Here’s Why Streaming Looks More and More Like Cable
Evan Xie

The original dream of streaming was all of the content you love, easily accessible on your TV or computer at any time, at a reasonable price. Sadly, Hollywood and Silicon Valley have come together over the last decade or so to recognize that this isn’t really economically viable. Instead, the streaming marketplace is slowly transforming into something approximating Cable Television But Online.

It’s very expensive to make the kinds of shows that generate the kind of enthusiasm and excitement from global audiences that drives the growth of streaming platforms. For every international hit like “Squid Game” or “Money Heist,” Netflix produced dozens of other shows whose titles you have definitely forgotten about.

The marketplace for new TV has become so massively competitive, and the streaming landscape so oversaturated, even relatively popular shows with passionate fanbases that generate real enthusiasm and acclaim from critics often struggle to survive. Disney+ canceled Luscasfilm’s “Willow” after just one season this week, despite being based on a hit Ron Howard film and receiving an 83% critics score on Rotten Tomatoes. Amazon dropped the mystery drama “Three Pines” after one season as well this week, which starred Alfred Molina, also received positive reviews, and is based on a popular series of detective novels.

Even the new season of “The Mandalorian” is off to a sluggish start compared to its previous two Disney+ seasons, and Pedro Pascal is basically the most popular person in America right now.

Now that major players like Netflix, Disney+, and WB Discovery’s HBO Max have entered most of the big international markets, and bombarded consumers there with marketing and promotional efforts, onboarding of new subscribers inevitably has slowed. Combine that with inflation and other economic concerns, and you have a recipe for austerity and belt-tightening among the big streamers that’s virtually guaranteed to turn the smorgasbord of Peak TV into a more conservative a la carte offering. Lots of stuff you like, sure, but in smaller portions.

While Netflix once made its famed billion-dollar mega-deals with top-name creators, now it balks when writer/director Nancy Meyers (“It’s Complicated,” “The Holiday”) asks for $150 million to pay her cast of A-list actors. Her latest romantic comedy will likely move over to Warner Bros., which can open the film in theaters and hopefully recoup Scarlett Johansson and Michael Fassbender’s salaries rather than just spending the money and hoping it lingers longer in the public consciousness than “The Gray Man.”
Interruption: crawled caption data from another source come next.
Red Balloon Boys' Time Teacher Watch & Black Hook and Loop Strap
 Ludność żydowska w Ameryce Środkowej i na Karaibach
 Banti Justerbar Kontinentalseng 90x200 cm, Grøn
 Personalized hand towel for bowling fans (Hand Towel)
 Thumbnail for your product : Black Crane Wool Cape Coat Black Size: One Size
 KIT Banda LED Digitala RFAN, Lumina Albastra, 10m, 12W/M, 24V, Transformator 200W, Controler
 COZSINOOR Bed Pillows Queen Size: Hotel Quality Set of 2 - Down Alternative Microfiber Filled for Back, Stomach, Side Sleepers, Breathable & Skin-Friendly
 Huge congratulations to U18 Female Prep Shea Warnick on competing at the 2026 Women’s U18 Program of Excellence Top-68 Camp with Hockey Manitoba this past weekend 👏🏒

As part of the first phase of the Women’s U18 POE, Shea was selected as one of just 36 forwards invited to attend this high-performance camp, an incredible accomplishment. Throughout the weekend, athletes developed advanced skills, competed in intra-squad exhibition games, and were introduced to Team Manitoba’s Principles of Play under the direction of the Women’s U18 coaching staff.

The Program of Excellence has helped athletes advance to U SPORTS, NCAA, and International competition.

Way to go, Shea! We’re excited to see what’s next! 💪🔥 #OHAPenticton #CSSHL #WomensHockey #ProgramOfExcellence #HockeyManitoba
CNET did the math last month and determined that it’s still cheaper to choose a few subscription streaming services like Netflix and Amazon Prime over a conventional cable TV package by an average of about $30 per month (provided you don’t include the cost of internet service itself). But that means picking and choosing your favorite platforms, as once you start adding all the major offerings out there, the prices add up quickly. (And those are just the biggest services from major Hollywood studios and media companies, let alone smaller, more specialized offerings.) Any kind of cable replacement or live TV streaming platform makes the cost essentially comparable to an old-school cable TV package, around $100 a month or more.

So called FAST, or Free Ad-supported Streaming TV services, have become a popular alternative to paid streaming platforms, with Fox’s Tubi making its first-ever appearance on Nielsen’s monthly platform rankings just last month. (It’s now more popular than the first FAST service to appear on the chart, Paramount Global’s Pluto TV.) According to Nielsen, Tubi now accounts for around 1% of all TV viewing in the US, and its model of 24/7 themed channels supported by semi-frequent ad breaks couldn’t resemble cable television anymore if it tried.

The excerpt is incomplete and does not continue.